Now we can see the power of adding iPSC to the scientist’s tool kit for getting answers to questions. If you want to observe the living human brain, you can study the brain from the person you are interested in, and you can gather as much information about that person as you want: IQ, personality, precise diagnosis, or anything else you want. You can even look at the effects of different drugs or molecules on the neuron, without having to do these arguably unethical drug studies on an animal.

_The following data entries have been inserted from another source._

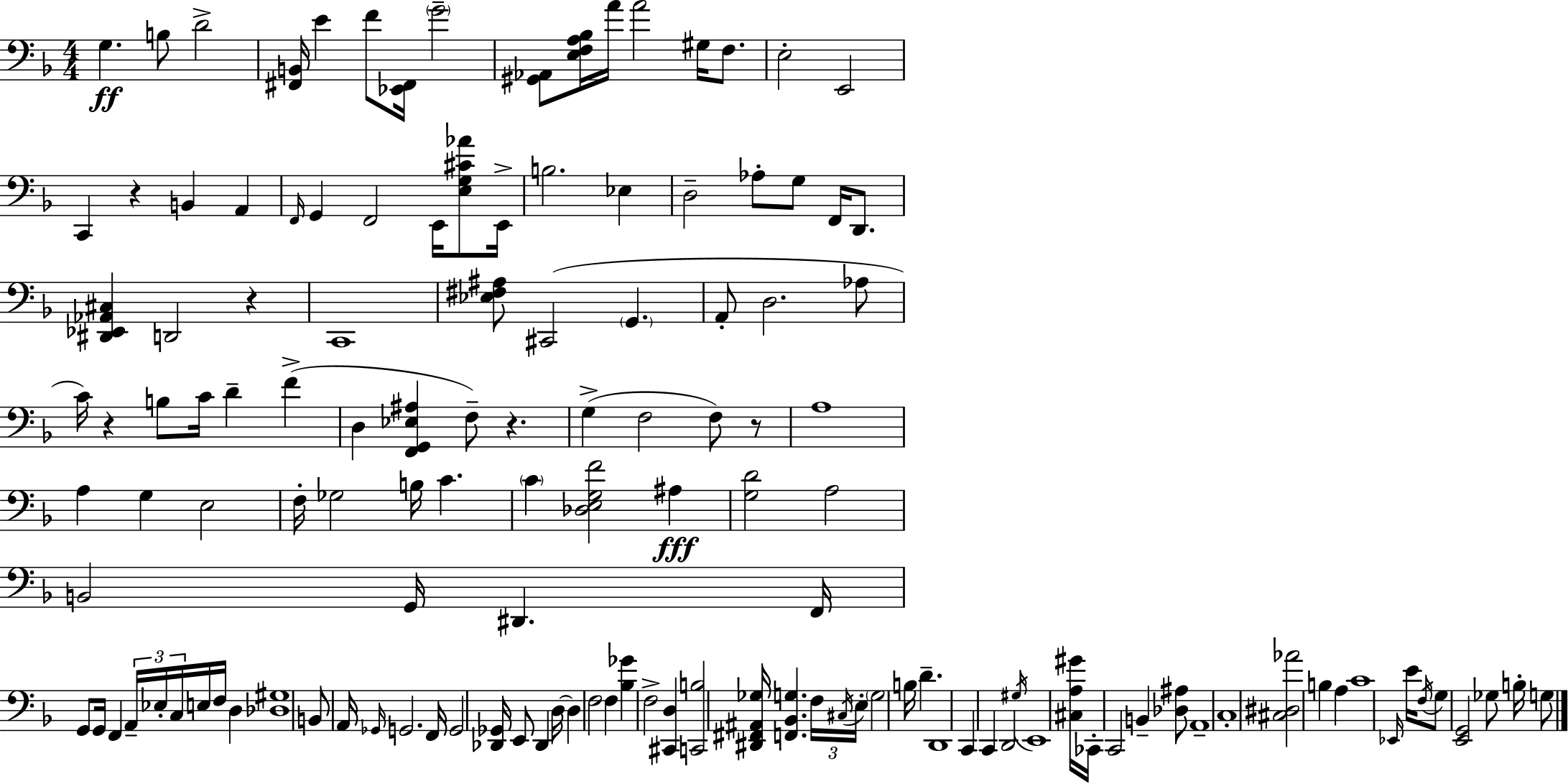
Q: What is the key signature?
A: D minor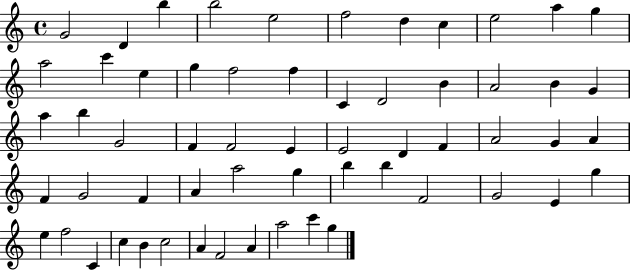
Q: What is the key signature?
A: C major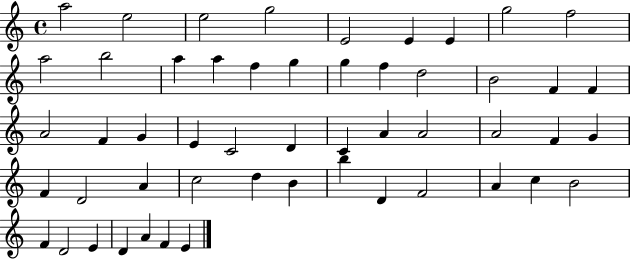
A5/h E5/h E5/h G5/h E4/h E4/q E4/q G5/h F5/h A5/h B5/h A5/q A5/q F5/q G5/q G5/q F5/q D5/h B4/h F4/q F4/q A4/h F4/q G4/q E4/q C4/h D4/q C4/q A4/q A4/h A4/h F4/q G4/q F4/q D4/h A4/q C5/h D5/q B4/q B5/q D4/q F4/h A4/q C5/q B4/h F4/q D4/h E4/q D4/q A4/q F4/q E4/q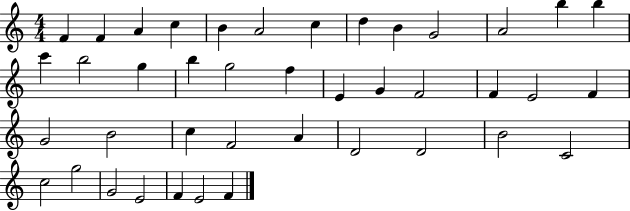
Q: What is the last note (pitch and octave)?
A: F4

iPSC is not without its own limitations. An iPSC may not be exactly identical to an embryonic stem cell, so the neuralized iPSC may not be exactly the same as a naturally growing neuron. All tools in the scientist’s tool kit have their limitations, but this one—to my mind—is more ethical, and a more directly relevant method to autism, than is animal research. Many labs (like ours) are testing if you get the same results from both iPSC and post-mortem studies, since this strengthens the conclusions that can be drawn.

Deep’s exciting results will be published in 2016. The combination of a break-through scientific method, in the hands of a talented young PhD student, might be just the cocktail to be a game-changer in our understanding of the causes of autism.